----- Dataset extract -----
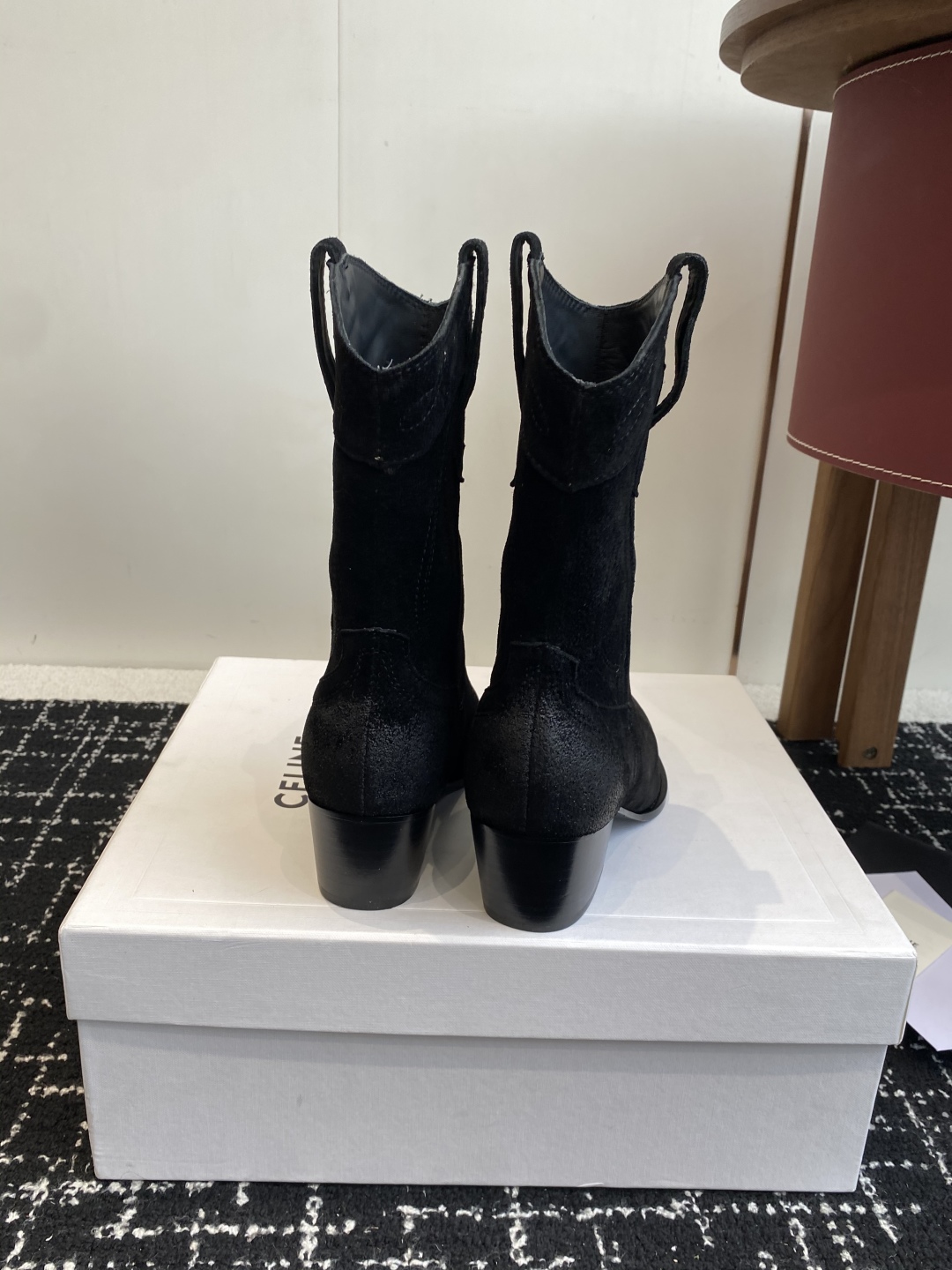 代购级
Celine 赛琳 25ss秋冬新品 复古粗跟 切尔西 尖头 铁扣短靴 

塞琳这一季好看的款式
-----
— Work request —
Exact repetition of the data is needed, with no images retained.

— Result —
 代购级
Celine 赛琳 25ss秋冬新品 复古粗跟 切尔西 尖头 铁扣短靴 

塞琳这一季好看的款式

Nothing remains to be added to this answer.